■ **YOUR GOAL**
Nothing in the records below should be altered in the copy, although the pictures must be left out.

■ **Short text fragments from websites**
Start of Block
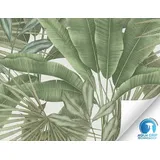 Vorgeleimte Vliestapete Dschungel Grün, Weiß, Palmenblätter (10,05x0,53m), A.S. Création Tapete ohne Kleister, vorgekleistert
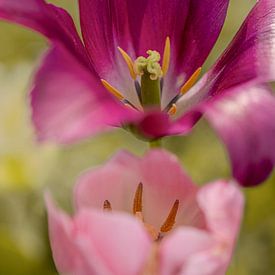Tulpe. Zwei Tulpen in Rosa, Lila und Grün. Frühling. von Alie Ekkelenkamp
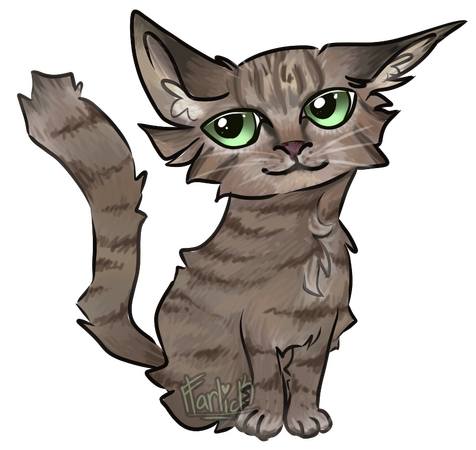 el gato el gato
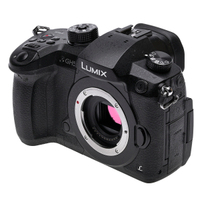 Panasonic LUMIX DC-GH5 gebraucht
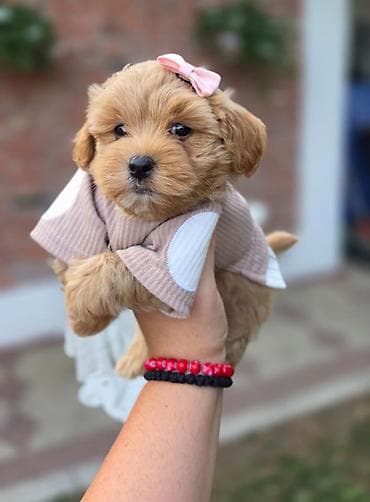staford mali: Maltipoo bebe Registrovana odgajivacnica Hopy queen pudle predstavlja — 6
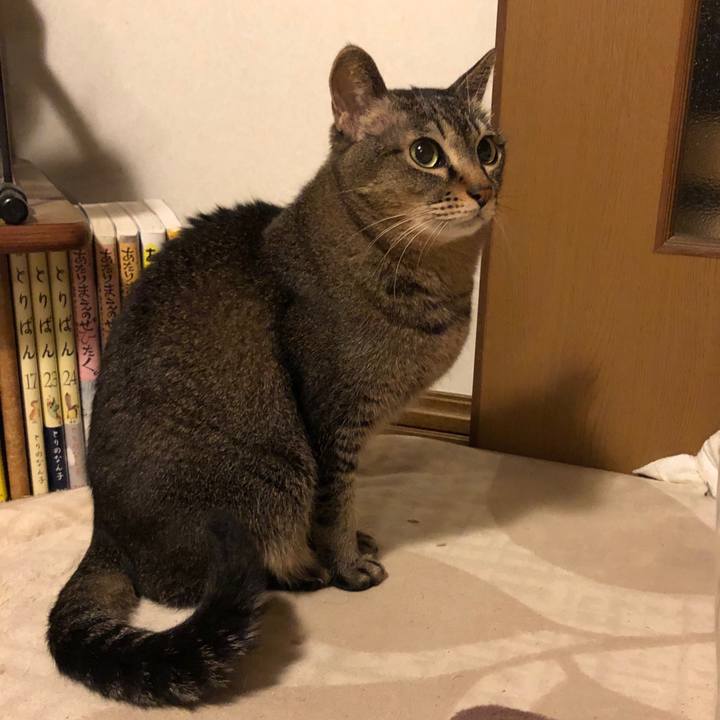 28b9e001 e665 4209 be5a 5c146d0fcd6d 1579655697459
End of Block
■ **WRITTEN ANSWER**
 Vorgeleimte Vliestapete Dschungel Grün, Weiß, Palmenblätter (10,05x0,53m), A.S. Création Tapete ohne Kleister, vorgekleistert
Tulpe. Zwei Tulpen in Rosa, Lila und Grün. Frühling. von Alie Ekkelenkamp
 el gato el gato
 Panasonic LUMIX DC-GH5 gebraucht
staford mali: Maltipoo bebe Registrovana odgajivacnica Hopy queen pudle predstavlja — 6
 28b9e001 e665 4209 be5a 5c146d0fcd6d 1579655697459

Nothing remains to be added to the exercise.